(TASK OBJECTIVE)
From the data below, set down exactly the lines between the one holding "Aahana Kumra Instagram" and the one holding "Toyota RAV4 2017 — photo 17", inclusive, and no others.

(RECORDS FOR THIS TASK)
######
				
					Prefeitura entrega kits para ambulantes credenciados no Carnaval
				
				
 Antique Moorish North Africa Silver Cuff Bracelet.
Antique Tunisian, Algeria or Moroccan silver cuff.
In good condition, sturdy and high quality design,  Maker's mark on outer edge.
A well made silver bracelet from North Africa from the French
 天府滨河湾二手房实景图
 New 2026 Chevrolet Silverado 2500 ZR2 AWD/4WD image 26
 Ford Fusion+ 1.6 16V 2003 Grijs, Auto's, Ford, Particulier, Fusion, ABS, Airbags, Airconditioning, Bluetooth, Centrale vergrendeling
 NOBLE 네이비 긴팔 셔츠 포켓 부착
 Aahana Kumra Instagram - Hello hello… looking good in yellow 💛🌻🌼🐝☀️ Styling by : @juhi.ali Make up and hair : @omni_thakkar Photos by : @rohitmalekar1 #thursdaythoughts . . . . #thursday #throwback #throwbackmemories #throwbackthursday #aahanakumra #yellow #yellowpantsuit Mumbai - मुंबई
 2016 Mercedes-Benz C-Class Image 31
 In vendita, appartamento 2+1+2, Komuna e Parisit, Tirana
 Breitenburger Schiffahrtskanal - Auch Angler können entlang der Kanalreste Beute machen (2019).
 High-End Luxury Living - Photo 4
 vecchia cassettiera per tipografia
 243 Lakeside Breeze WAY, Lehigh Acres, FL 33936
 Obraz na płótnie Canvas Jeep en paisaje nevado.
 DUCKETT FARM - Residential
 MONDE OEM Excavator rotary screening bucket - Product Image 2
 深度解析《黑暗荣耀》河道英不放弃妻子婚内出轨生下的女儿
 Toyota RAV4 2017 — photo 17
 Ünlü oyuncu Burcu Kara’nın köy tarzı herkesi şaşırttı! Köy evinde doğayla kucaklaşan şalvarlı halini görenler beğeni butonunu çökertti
######
(REPLY TO THE EXERCISE)
 Aahana Kumra Instagram - Hello hello… looking good in yellow 💛🌻🌼🐝☀️ Styling by : @juhi.ali Make up and hair : @omni_thakkar Photos by : @rohitmalekar1 #thursdaythoughts . . . . #thursday #throwback #throwbackmemories #throwbackthursday #aahanakumra #yellow #yellowpantsuit Mumbai - मुंबई
 2016 Mercedes-Benz C-Class Image 31
 In vendita, appartamento 2+1+2, Komuna e Parisit, Tirana
 Breitenburger Schiffahrtskanal - Auch Angler können entlang der Kanalreste Beute machen (2019).
 High-End Luxury Living - Photo 4
 vecchia cassettiera per tipografia
 243 Lakeside Breeze WAY, Lehigh Acres, FL 33936
 Obraz na płótnie Canvas Jeep en paisaje nevado.
 DUCKETT FARM - Residential
 MONDE OEM Excavator rotary screening bucket - Product Image 2
 深度解析《黑暗荣耀》河道英不放弃妻子婚内出轨生下的女儿
 Toyota RAV4 2017 — photo 17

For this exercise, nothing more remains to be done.